## PROBLEM
Restate word for word the lines of the entries below, starting with the line that holds "900 Biscayne Blvd #5208, Miami FL 33132" and ending with the line that holds "Waka Waka Bed", and no others.

──────── INPUT ────────

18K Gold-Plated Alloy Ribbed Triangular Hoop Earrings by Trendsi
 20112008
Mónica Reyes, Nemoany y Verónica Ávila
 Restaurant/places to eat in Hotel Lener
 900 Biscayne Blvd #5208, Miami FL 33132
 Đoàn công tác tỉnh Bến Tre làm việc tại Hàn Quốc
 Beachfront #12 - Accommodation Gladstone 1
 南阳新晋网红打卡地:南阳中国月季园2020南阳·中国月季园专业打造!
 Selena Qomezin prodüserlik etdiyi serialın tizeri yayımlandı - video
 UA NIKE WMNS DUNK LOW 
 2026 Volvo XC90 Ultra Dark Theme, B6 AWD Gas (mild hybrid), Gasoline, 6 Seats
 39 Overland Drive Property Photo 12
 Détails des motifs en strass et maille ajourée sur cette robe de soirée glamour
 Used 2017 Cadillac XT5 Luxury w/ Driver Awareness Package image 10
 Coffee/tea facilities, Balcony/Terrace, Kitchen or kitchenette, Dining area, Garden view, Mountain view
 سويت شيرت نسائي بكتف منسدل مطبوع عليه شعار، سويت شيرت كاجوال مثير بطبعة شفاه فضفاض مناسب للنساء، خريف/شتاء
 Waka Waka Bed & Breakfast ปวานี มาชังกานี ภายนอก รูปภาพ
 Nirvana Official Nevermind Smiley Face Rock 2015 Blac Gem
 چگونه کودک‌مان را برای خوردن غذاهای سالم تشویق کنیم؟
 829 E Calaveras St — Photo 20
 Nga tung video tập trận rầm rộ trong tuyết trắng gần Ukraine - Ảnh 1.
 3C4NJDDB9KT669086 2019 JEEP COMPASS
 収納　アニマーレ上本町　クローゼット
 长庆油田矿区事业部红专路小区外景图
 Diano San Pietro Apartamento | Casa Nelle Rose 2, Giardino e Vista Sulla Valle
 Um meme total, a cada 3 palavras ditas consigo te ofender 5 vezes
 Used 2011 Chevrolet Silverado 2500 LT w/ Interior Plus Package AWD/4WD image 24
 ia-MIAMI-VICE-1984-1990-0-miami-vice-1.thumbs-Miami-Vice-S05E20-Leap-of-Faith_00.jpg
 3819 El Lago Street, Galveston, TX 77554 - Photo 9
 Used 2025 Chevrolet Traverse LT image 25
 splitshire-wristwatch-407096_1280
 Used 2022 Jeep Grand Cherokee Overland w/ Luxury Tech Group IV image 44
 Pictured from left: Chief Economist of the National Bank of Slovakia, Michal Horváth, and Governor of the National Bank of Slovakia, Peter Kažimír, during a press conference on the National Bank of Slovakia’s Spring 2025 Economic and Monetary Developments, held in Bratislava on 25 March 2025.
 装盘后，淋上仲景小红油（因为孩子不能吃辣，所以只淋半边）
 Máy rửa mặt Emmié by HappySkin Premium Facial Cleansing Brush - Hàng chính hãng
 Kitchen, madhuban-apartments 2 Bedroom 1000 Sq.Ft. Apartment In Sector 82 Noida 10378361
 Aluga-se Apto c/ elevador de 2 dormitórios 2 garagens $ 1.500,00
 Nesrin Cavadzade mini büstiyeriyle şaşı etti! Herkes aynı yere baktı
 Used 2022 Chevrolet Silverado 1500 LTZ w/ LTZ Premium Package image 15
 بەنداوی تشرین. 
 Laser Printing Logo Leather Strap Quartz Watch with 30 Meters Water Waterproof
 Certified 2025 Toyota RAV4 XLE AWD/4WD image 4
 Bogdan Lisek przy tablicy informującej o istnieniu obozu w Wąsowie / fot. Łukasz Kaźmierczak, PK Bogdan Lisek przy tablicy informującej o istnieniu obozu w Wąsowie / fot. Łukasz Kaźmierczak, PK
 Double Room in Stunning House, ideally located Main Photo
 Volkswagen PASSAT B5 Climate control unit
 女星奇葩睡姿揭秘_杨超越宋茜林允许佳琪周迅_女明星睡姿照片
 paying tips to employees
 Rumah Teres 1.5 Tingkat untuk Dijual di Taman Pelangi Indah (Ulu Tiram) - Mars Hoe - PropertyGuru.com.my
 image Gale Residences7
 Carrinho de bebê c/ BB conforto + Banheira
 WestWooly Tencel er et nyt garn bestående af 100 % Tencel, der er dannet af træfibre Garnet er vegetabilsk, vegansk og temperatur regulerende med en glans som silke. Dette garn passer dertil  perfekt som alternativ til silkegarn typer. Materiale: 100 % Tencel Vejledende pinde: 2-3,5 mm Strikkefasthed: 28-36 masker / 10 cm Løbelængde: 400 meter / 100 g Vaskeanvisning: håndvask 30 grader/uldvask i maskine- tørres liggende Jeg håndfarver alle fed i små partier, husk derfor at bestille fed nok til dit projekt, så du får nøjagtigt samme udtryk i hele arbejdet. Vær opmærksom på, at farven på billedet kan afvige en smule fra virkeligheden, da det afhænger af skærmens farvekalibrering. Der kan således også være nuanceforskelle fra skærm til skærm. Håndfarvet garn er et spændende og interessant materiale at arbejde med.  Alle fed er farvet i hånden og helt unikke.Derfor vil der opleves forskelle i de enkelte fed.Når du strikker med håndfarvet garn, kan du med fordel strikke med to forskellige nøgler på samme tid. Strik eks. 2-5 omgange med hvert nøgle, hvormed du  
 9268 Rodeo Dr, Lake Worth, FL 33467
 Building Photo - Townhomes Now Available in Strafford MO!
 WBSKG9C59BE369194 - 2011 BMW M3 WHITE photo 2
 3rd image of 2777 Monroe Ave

────────

## THE ANSWER
 900 Biscayne Blvd #5208, Miami FL 33132
 Đoàn công tác tỉnh Bến Tre làm việc tại Hàn Quốc
 Beachfront #12 - Accommodation Gladstone 1
 南阳新晋网红打卡地:南阳中国月季园2020南阳·中国月季园专业打造!
 Selena Qomezin prodüserlik etdiyi serialın tizeri yayımlandı - video
 UA NIKE WMNS DUNK LOW 
 2026 Volvo XC90 Ultra Dark Theme, B6 AWD Gas (mild hybrid), Gasoline, 6 Seats
 39 Overland Drive Property Photo 12
 Détails des motifs en strass et maille ajourée sur cette robe de soirée glamour
 Used 2017 Cadillac XT5 Luxury w/ Driver Awareness Package image 10
 Coffee/tea facilities, Balcony/Terrace, Kitchen or kitchenette, Dining area, Garden view, Mountain view
 سويت شيرت نسائي بكتف منسدل مطبوع عليه شعار، سويت شيرت كاجوال مثير بطبعة شفاه فضفاض مناسب للنساء، خريف/شتاء
 Waka Waka Bed & Breakfast ปวานี มาชังกานี ภายนอก รูปภาพ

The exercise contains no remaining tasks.